Go with the Flow




Take a slow boat to Luang Prabang
I f you are entering Laos through northern Thailand don’t rush to get to your destination. Arriving at the fabled Golden Triangle, channel the spirit of the early explorers and discover Laos by its mighty waterway, the Mekong. Famed as one of the world’s mightiest, this “mother of all rivers” is rich in unique flora and fauna. Its biodiversity is second only to the Amazon and a large proportion of the Mekong’s watershed is actually in Laos. If you feel like slowing down and enjoying the natural splendors of this renowned waterway and lifeline of millions of people, we recommend you embark on one of a number of cruises that operate up and down the Mekong between the Thai border at Houay Xay to Luang Prabang.
Our group for the two-day trip met in Chiang Khong, on the Thai side, where we were assisted across the Friendship Bridge and driven to the boat, where we departed at 8 am for the 328-kilometer journey. We enjoyed breakfast while passing through the flat plain of Houay Xay. The river flows south from here so it is slightly faster cruising to Luang Prabang than the reverse journey upstream to Houay Xay.

You can see a lot of activity in the morning, fishermen out casting their nets, ladies harvesting river weed, and children playing beside the river. There is always movement on the water from different types of boats, traders going to sell items, people moving goods, and even some larger cargo vessels. The river is quite flat and wide at Houay Xay but after an hour or so, the boat encounters more dramatic scenery as you enter the mountains of Northern Laos that will funnel you down to Luang Prabang. The trip is largely composed of gently flowing waters with the odd roaring rapids to negotiate and mammoth grey slab river rocks which seem to have been placed by giants.
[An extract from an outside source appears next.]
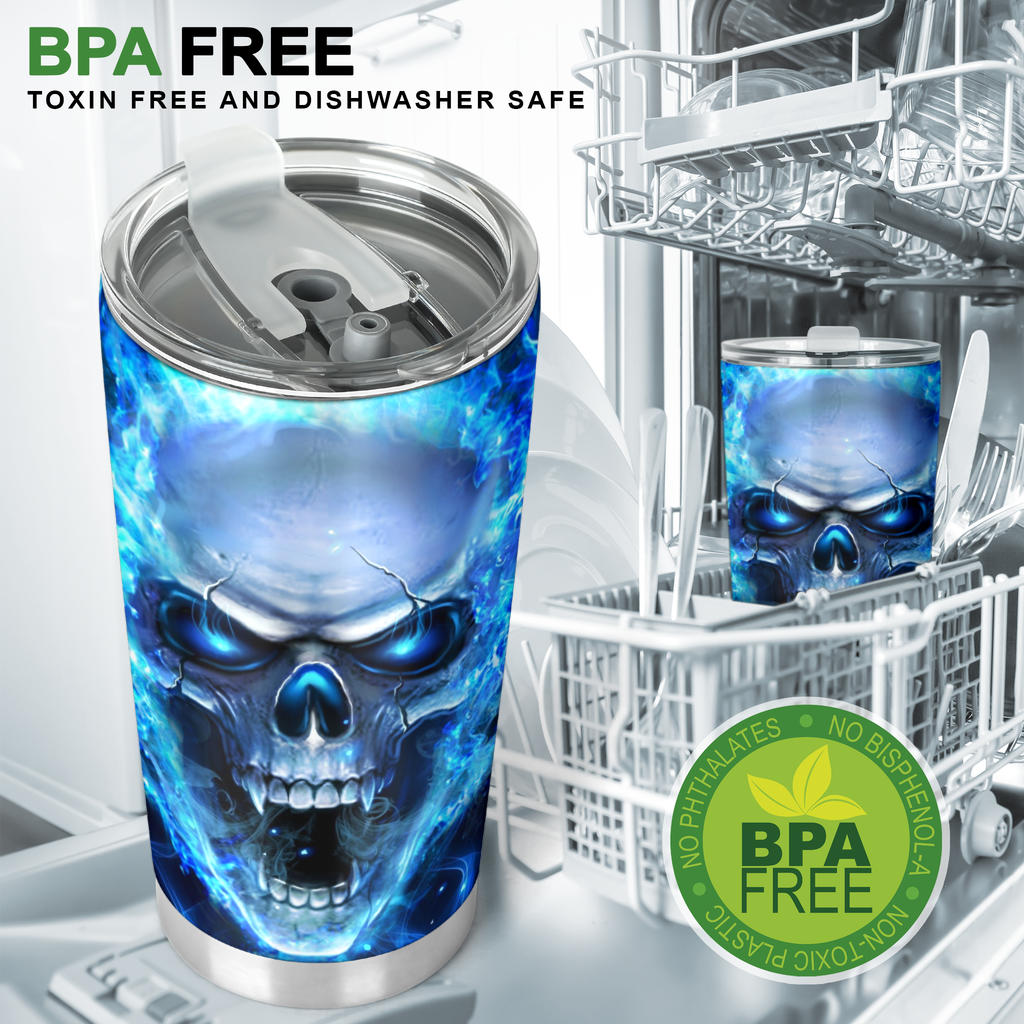 Fire skull tumbler mug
Along the way, the cruise docks at a very basic Khmu village for a visit and to drop off some deliveries at the school. It’s a steep climb up the hillside to arrive at a village consisting of very rustic bamboo houses. The boat also pays a toll to the village as a way to help the villagers with much-needed income. They are completely dependent on the river for travel and their survival as there is no road in or out of the village.
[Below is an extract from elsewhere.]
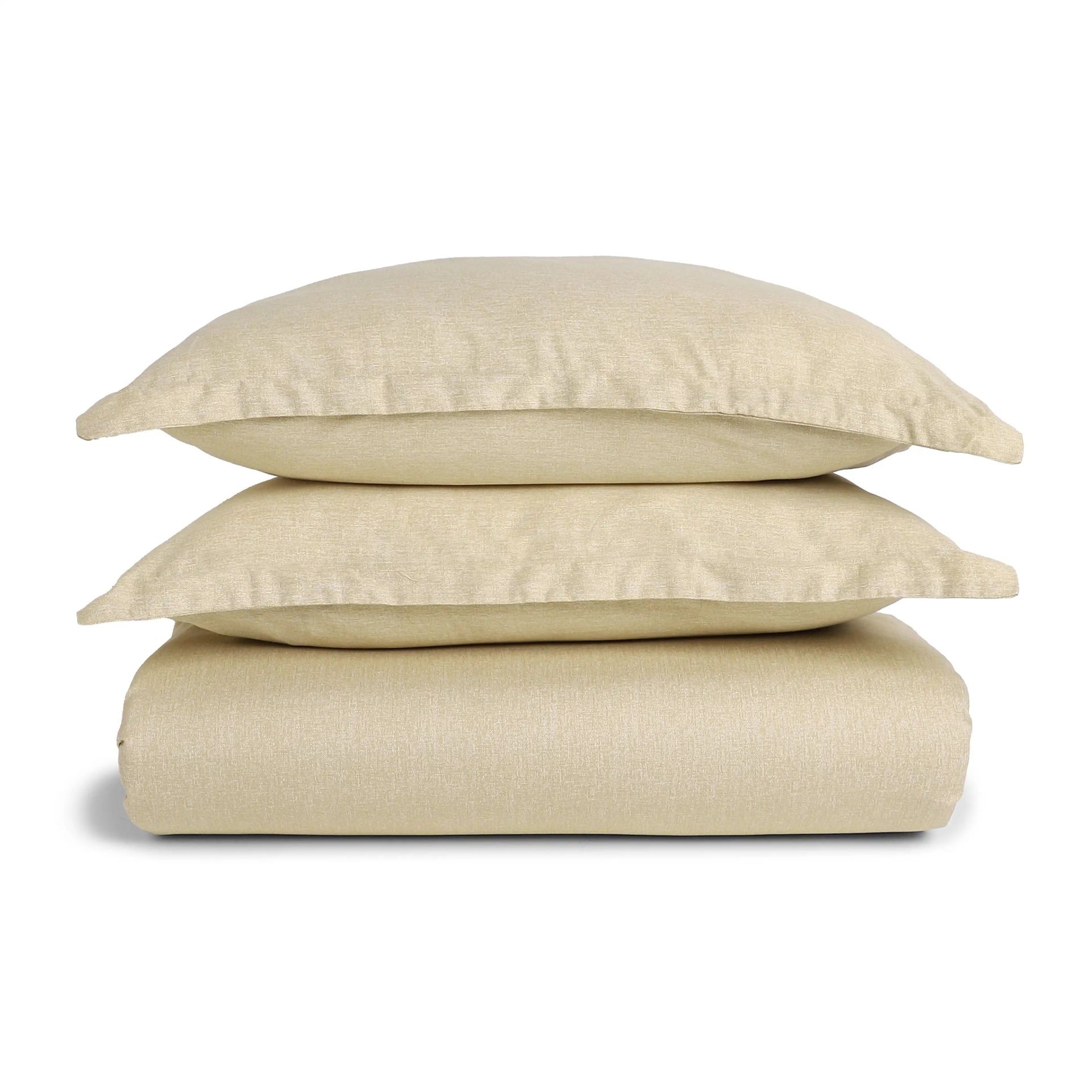 Textured 250 TC 100% Cotton Beige Super King Bedsheet Set | Yutori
Lunch is served around noon. All food is cooked on the boat and is fresh and delicious using local produce. We enjoyed a varied selection of dishes including addictive crispy spring rolls with peanut sauce, sautéed eggplant, Luang Prabang salad, and lemongrass stuffed with pork. The cruise includes free-flow tea and coffee at the bar where you can also buy soft drinks and harder beverages. With such libations on offer, the onboard restroom is a godsend. The boat is spacious, clean, and tastefully decorated. Our guide was friendly and knowledgeable and spent a lot of time going over information and addressing any concerns passengers had. Gently moving with the river is a calming experience and soon some passengers stretched out and dozed off, lulled by the movement of the boat and abundant fresh air. On this stretch, we saw many locals panning for gold on the bank with their large wooden pans and lots of people in small boats traveling between villages.
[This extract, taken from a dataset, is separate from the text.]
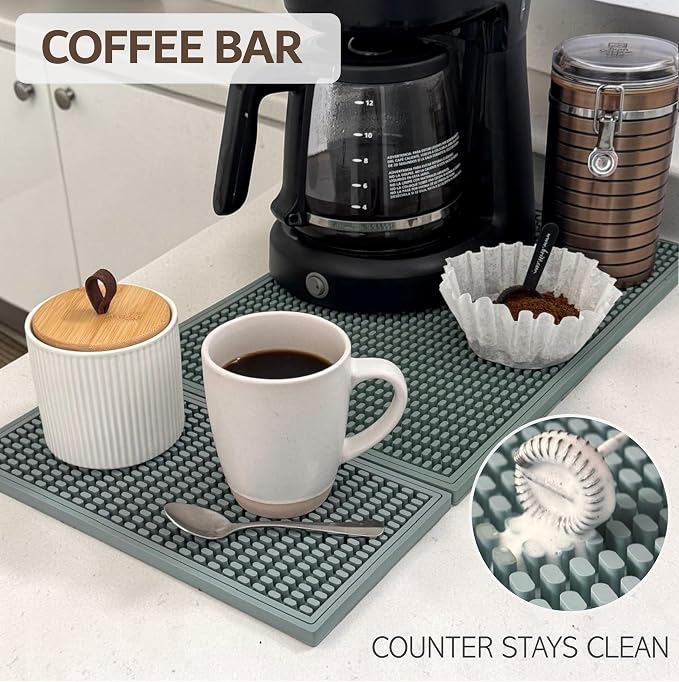 Rubber Bar Mat Bundle Sage Gray – 2-Piece Non-Slip Spill Mat Set - Image 5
Pakbeng is the major stop of the trip, halfway along the journey. Boats dock here overnight as they do not travel after dark. There are a number of accommodation options available for different budgets. We stayed at the chic new Le Grand Pakbeng. Situated on a hilltop, this resort has wonderful views overlooking the Mekong. Remember you will arrive late in the afternoon and leave the following morning, so you will only be able to experience a little of the area. If you want to spend longer than one night, it can be arranged beforehand.
We departed early the next morning before the sun could push through the darkness. Traveling through a shady blue-hued gorge we made our way toward our first stop for the day, a whiskey village. Here, villagers display their local rice whiskey and demonstrate the old-fashioned production in stills. Brace yourself and try a sip of this potent beverage. Ladies also weave here, so do browse the scarves for some nice souvenirs and also support the village. We reached the grottos of Pak Ou shortly after in the afternoon. It is filled with hundreds of Buddha statues from the primitive to the ornate and is one of the most popular attractions in Laos, venerated since time immemorial and connected with royal events and folklore.
Arriving in Luang Prabang in the late afternoon, we were greeted by a proliferation of lush coconut palms that obscured the city from view. Passing the impressive steps at Wat Xiengthong is quite a memorable way to make an entrance into the former royal capital, just as kings and explorers did in the past.

Lao Airlines has frequent flights to Luang Prabang from Vientiane, Bangkok, Hanoi, and Siem Reap.

The author traveled with Shompoo Cruise (shompoo-cruise.com), but there are local public boats available, too.